Oggi la famiglia Bertoia, erede di secoli di tradizione, continua a costruire la propria storia nelle campagne di San Lorenzo di Valvasone – Arzene (Pordenone) che furono dell’avo Bartolomeo e si impegna da cinque generazioni nella coltivazione della terra.

Si narra che qui, nei primi dell’800, la famiglia gestisse coltivazioni agricole per le truppe napoleoniche. Da un solo ettaro dei primi del ‘900, coltivato come mezzo di sostentamento per la famiglia stessa, si arrivò negli anni ‘60/70 del ‘900 alla commercializzazione dei propri prodotti agricoli, trasformando una tradizione di famiglia in impresa agricola.

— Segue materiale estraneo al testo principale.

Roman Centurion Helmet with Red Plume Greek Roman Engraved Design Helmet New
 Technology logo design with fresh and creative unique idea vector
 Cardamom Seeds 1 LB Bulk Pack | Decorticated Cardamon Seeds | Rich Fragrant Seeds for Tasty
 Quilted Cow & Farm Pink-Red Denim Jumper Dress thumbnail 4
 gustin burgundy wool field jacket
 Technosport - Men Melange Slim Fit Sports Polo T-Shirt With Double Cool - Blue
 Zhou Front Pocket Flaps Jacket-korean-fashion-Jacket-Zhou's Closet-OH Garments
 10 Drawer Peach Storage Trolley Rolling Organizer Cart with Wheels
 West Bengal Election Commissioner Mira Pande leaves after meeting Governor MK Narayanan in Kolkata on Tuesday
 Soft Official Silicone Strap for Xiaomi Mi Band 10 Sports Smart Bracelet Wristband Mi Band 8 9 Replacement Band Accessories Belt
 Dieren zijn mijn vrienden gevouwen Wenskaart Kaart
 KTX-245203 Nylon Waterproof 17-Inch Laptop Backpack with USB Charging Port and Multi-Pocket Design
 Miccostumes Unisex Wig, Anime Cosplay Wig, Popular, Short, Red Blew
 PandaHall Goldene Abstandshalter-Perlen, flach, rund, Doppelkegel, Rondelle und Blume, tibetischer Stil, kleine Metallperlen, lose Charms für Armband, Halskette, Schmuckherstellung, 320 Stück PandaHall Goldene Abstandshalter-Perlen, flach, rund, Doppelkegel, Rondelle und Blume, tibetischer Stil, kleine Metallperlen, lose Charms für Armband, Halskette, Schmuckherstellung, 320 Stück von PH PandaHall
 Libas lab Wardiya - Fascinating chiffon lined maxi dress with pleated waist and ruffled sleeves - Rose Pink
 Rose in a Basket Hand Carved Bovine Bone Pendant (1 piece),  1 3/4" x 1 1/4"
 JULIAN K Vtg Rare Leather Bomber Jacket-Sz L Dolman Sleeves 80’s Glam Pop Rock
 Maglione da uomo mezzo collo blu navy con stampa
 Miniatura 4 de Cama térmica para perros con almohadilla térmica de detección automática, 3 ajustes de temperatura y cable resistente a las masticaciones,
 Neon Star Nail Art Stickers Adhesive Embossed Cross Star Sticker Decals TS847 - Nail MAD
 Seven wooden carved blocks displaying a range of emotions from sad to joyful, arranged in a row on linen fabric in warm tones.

È negli anni ‘80 e ‘90 che i Bertoia si specializzano sempre più nelle orticole e nei vigneti e con l’ingresso nel nuovo millennio inizia una nuova era per Casato Bertoia: è Cesare, ancora supportato da mamma Anna Maria, che con la moglie Ada e l’aiuto delle figlie Giorgia e Arianna, specializza la produzione biologica di frutticole e orticole a pieno campo, nel rispetto della natura e con l’attenzione per la qualità e l’eccellenza.